After graduation, Leonard started his career as a researcher at the New York University Research Lab. After working for the New York Telephone Company, he joined AT&T Bell labs in 1956. Here he started his lifelong career at AT&T, working on the development of the Transmission System 1 (T-1), which was introduced by Bell Labs in 1962. He later supervised the development of a pulse-code modulation for the Telstar.

In 1963, he moved to Bell Labs in Merrimack Valley, where he was director of the Transmission Technology Laboratory from 1968 to 1970. In 1970, he moved to Indianapolis to direct the Telephone Laboratory. From 1977 to 1980 in Columbus, he was executive director of Crossbar and Switching Operations, and from 1980 to 1982 at Western Electric, he was vice president of Corporate Engineering. In 1982, he returned to Bell Labs, where he succeeded William O. Fleckenstein as vice president, Switching Systems, and where in 1991 he was appointed vice president, Quality, Technology, and Process Research. In 1994, he retired and was succeeded by Arun Netravali.

Leonard was awarded an honorary doctorate from Midwest College of Engineering; the Hispanic Engineer National Achievement Award in 1992 by the Society of Hispanic Professional Engineers; and in 1996 the IEEE Simon Ramo Medal for his "engineering leadership in design and development of intelligent networks, digital electronic switching, transmission and signaling systems, and network databases." In 1997 he was awarded an EMMY by the Academy of Television Arts and Sciences for his work on high-definition TV.

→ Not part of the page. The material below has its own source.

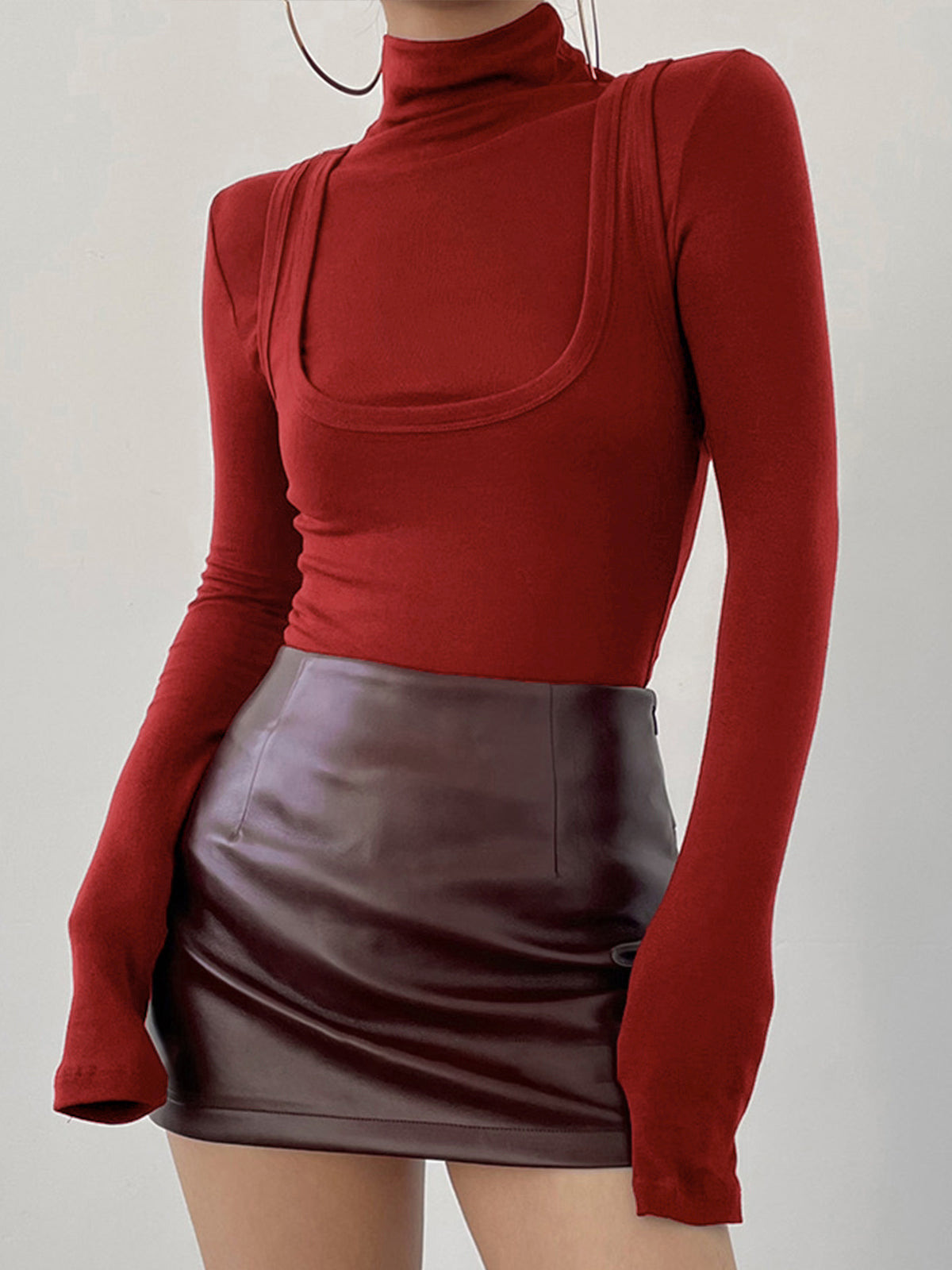 Lena | 2-in-1 Stehkragen-Jersey-Oberteil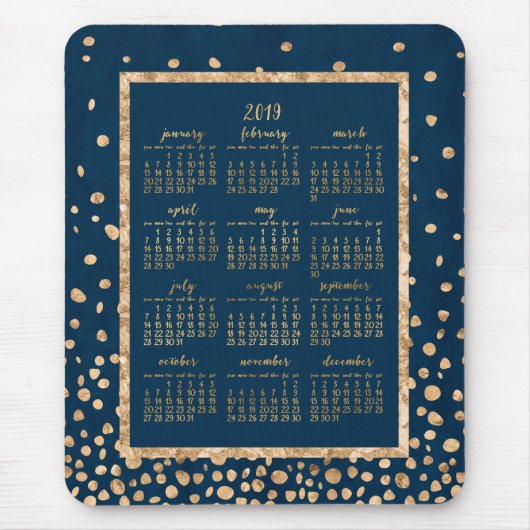 Blauwe Jaarlijkse Kalender 2019 Muismatten Goud Co (Voorkant)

== Selected publications ==
- Andre, S. N. and Leonard, D. J., “An Active Retrodirective Array for Satellite Communication”, Trans. IEEE, Vol. AP-12, Mar. 1964, pp. 181–186.
- Donald J. Leonard. "Local switching: on the leading edge of technology", Bell Laboratories Record. Vol. 60. (7). September 1982. pp. 181–184.

== Patents ==
- Leonard, Donald J. "RELEASED." U.S. Patent No. 3,030,448. 17 Apr. 1962.
- Leonard, Donald J. "Elimination of talk-off in in-band signaling systems." U.S. Patent No. 3,306,984. 28 Feb. 1967.